> [Assignment]: Pictures stay out of the output. Return exactly the lines below from the one with "композиция из шаров" down to the one with "Baby shower Servet", both included, and nothing more.

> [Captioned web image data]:
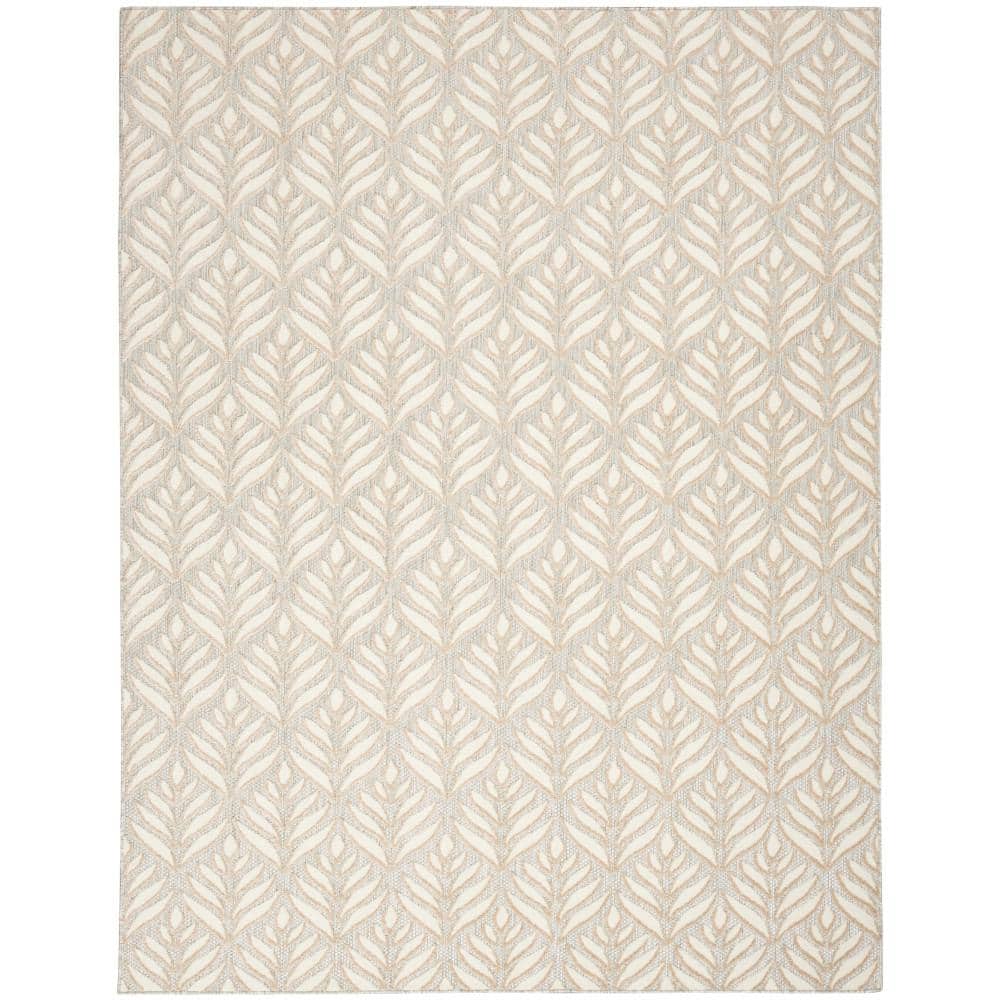 Silver Grey Tropical Palm 6' x 9' Flatwoven Synthetic Rug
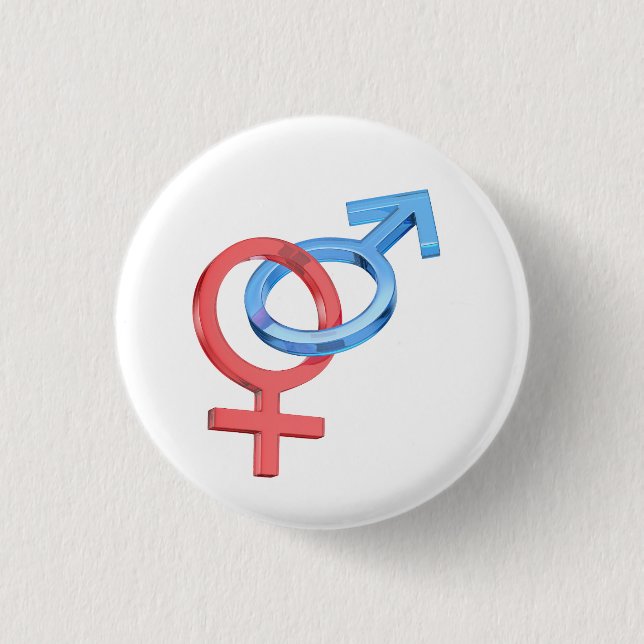 Glass female and male gender signs 3 cm round badge (Front)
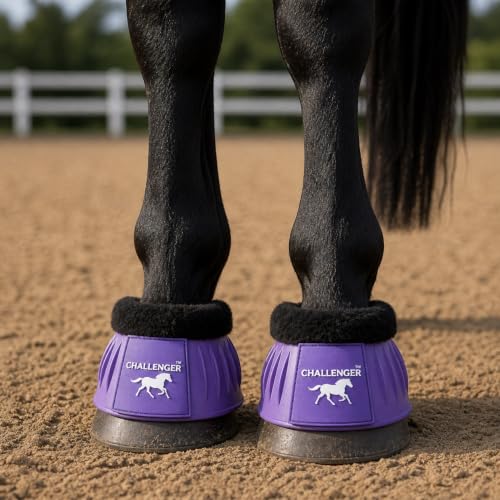 CHALLENGER Horse Training Ribbed Rubber Hoof Impact Overreach Protection Fleece Lined Bell Boots 41HI01 - color: Purple, size: X-Large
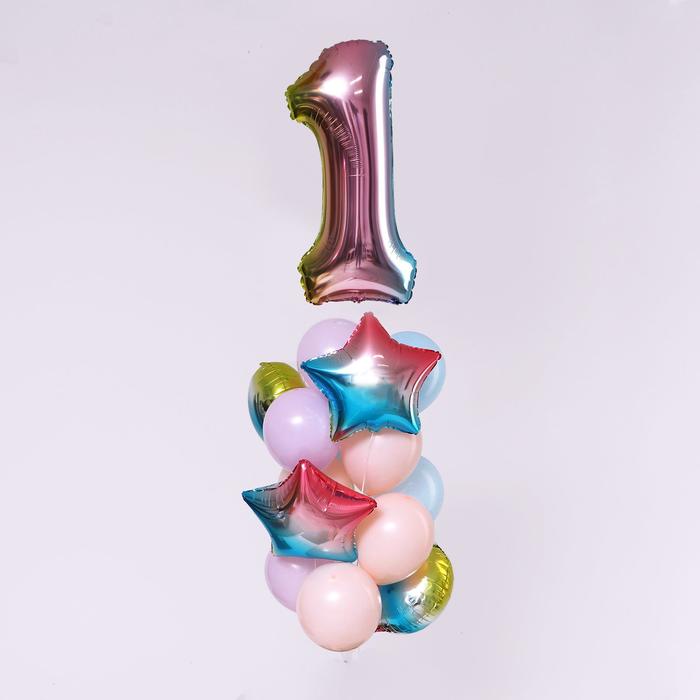 композиция из шаров на день рождения нежной принцессе Букет из шаров «День рождения – нежность. 1 год», фольга, латекс, набор 15 шт.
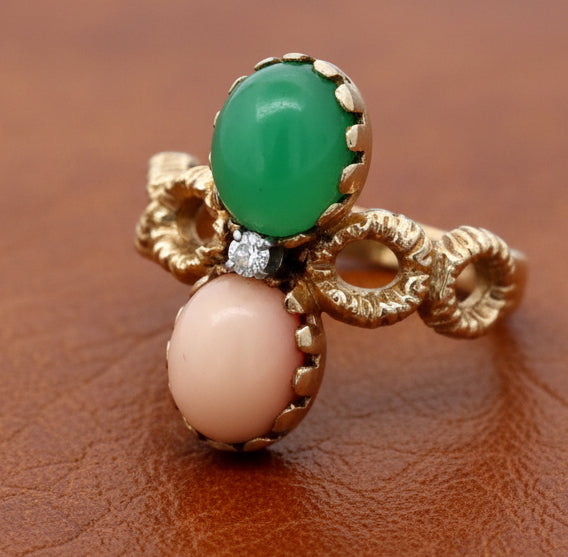 Estate Vintage Italian Diamond Angel Skin Coral and Jade 14K Yellow Gold Ring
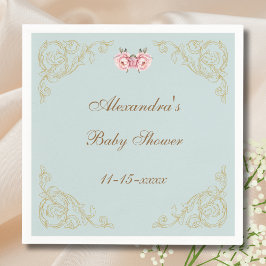 Roze Pioenrococo  Flowers Baby shower Servet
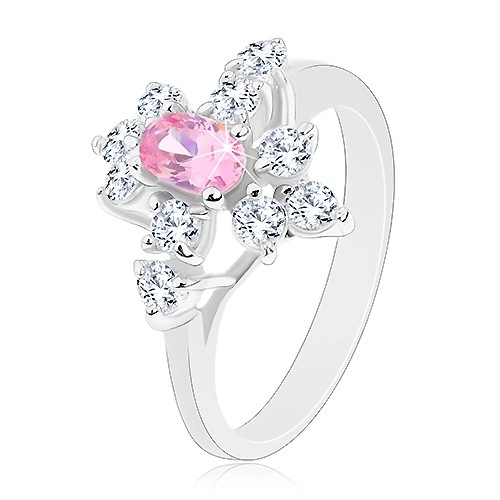 Trblietavý prsteň v striebornej farbe, ružový ovál, číre zirkóniky - Veľkosť: 57 mm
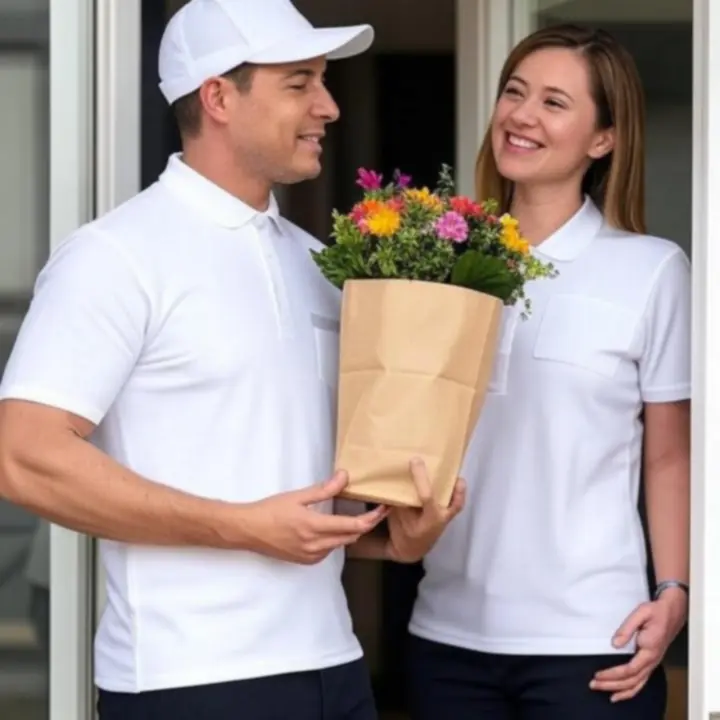 Virágfutár friss csokrokat szállít városi környezetben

> [Your solution]:
 композиция из шаров на день рождения нежной принцессе Букет из шаров «День рождения – нежность. 1 год», фольга, латекс, набор 15 шт.
 Estate Vintage Italian Diamond Angel Skin Coral and Jade 14K Yellow Gold Ring
 Roze Pioenrococo  Flowers Baby shower Servet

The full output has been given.